“Now, my petite, thou wilt be brave,” said the faithful creature, forgetting herself in her anxiety to spare and support Franceline. “Thou wilt stay here and do what is necessary whilst I run and fetch the doctor.”
She poured some eau-de-cologne into a basin of water, and desired her to keep bathing her father’s forehead and chafing his hands until she returned. This, after loosing his cravat and letting in as much air as possible, was all her experience suggested.
Franceline sat down and did as she was told; but the perfect stillness, the deathlike immobility of the face and the form, terrified her. She suspended the bathing to breathe on it, as if her warm breath might bring back consciousness and prove more potent than the cold water. But Raymond remained insensible to all. The silence began to oppress Franceline like a ghastly presence; the cooing of her doves outside sounded like a dirge. Could this be death? His pulse beat so faintly she hardly knew whether it was his or the pulse of her own trembling fingers that she felt. A chill of horror came over her; the first vague dread was gradually shaping itself in her mind to the most horrible of certainties. If he should never awake, never speak again, never open those closed eyes on her with the old tender glance of love that had been as familiar and unfailing as the sunlight to her! Oh! what a fearful awakening came with this first realization of that awful possibility. What vain shadows, what trivial empty things, were those that she had until now called sorrows! What a joy it would be to take them all back again, and bear them, increased tenfold in bitterness, to the end of her life, if this great, this real sorrow might be averted! Franceline dropped on her knees beside the bed, and, clasping her hands, sent up one of those cries that we all of us find in our utmost need, when there is only God who can help us: “O Father! thy will be done. But if it be possible, … if it be possible, … let this cup pass from me!”

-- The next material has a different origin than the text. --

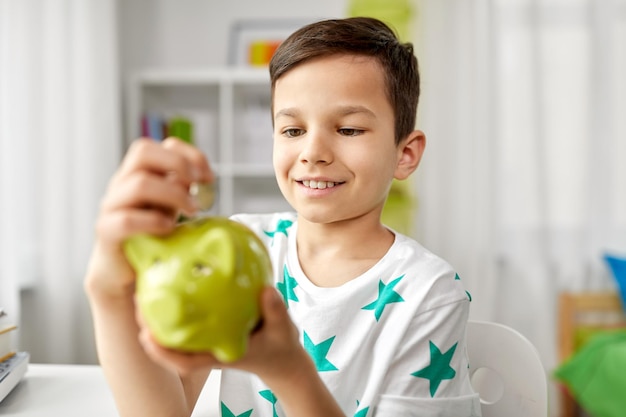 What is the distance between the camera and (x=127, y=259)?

There were steps on the stairs. It was Angélique come back. She had only been ten minutes away—the longest ten minutes that ever a trembling heart watched through—but Franceline knew she could not have been to the doctor’s and back so quickly. “I met M. le Vicaire just at the end of the lane, and he is gone for the doctor; he was riding, so he will be there in no time.”

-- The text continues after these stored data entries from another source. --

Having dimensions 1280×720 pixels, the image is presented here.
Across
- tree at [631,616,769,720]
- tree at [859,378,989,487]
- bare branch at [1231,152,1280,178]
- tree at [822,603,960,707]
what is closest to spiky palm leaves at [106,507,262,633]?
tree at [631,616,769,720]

Then she made Franceline go and fetch hot water from the kitchen, and busied her in many little ways, under pretence of being useful, until Dr. Blink’s carriage was heard approaching. The medical man was not alone; Mr. Langrove and Father Henwick accompanied him.
Angélique drew the young girl out of her father’s room, and sent her to stay with Father Henwick, while the doctor, assisted by Mr. Langrove and herself, attended to M. de la Bourbonais.

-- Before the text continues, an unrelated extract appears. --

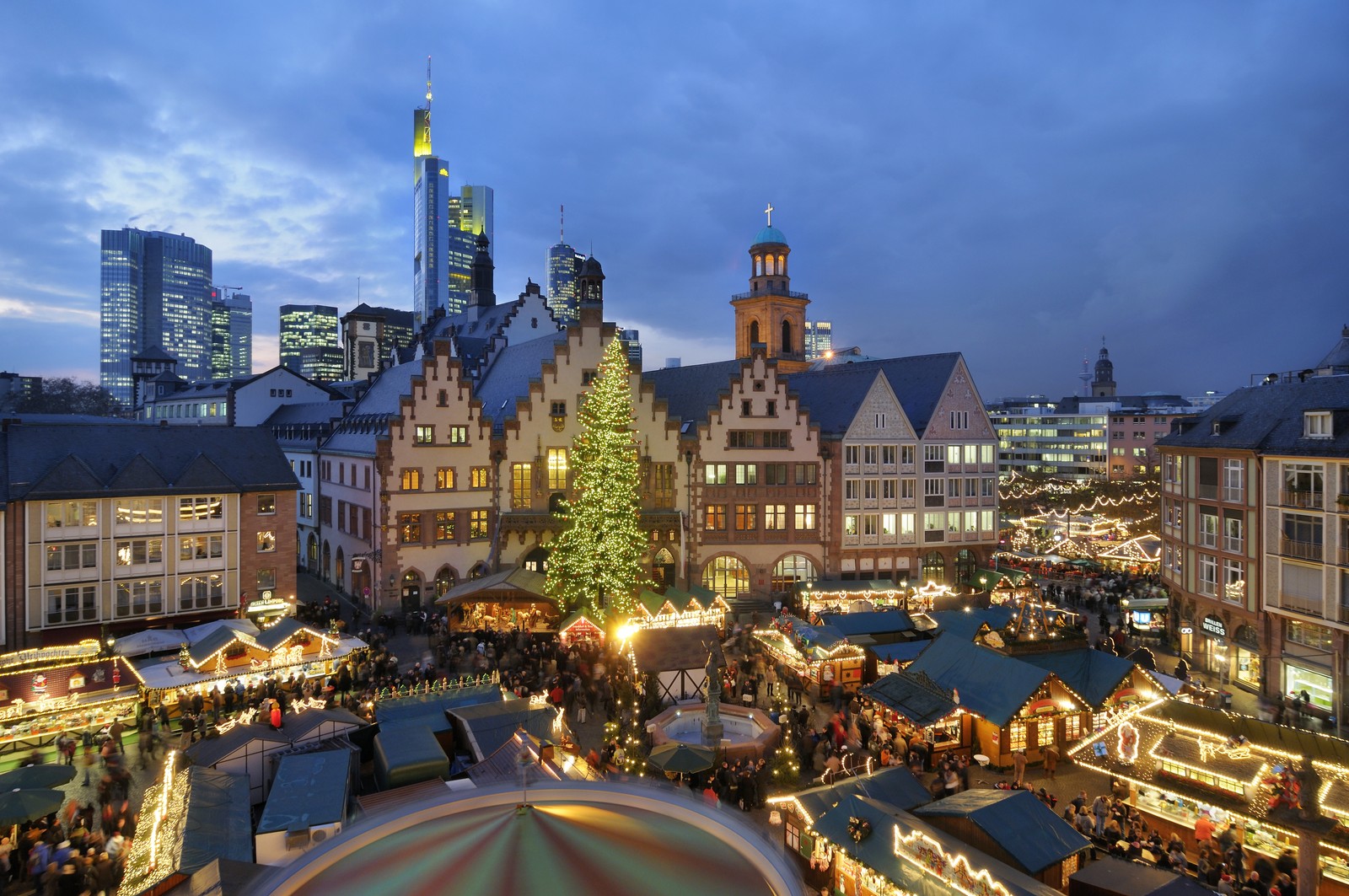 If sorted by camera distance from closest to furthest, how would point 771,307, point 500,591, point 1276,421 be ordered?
point 1276,421, point 500,591, point 771,307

“Oh! what is it? Did the doctor tell you?” she whispered, her dark eyes preternaturally dilated in their tearless glance, as she raised it to Father Henwick’s face.
“He could say nothing until he had seen him. Tell me, my dear child, did your father ever have anything of this sort happen him before?” inquired Father Henwick, as unconcernedly as he could.
“Never, never that I heard of, unless it may have been when I was too little to remember,” said Franceline; and then added nervously, “Why?”
“Thank God! It is safe, then, not to be so serious,” was the priest’s hearty exclamation. “Please God, you will see him all right again soon; he has been overdoing of late, working too hard, and not taking air or exercise enough. The blade has been wearing out the sheath—that’s what it is; but Blink will pull him through with God’s help.”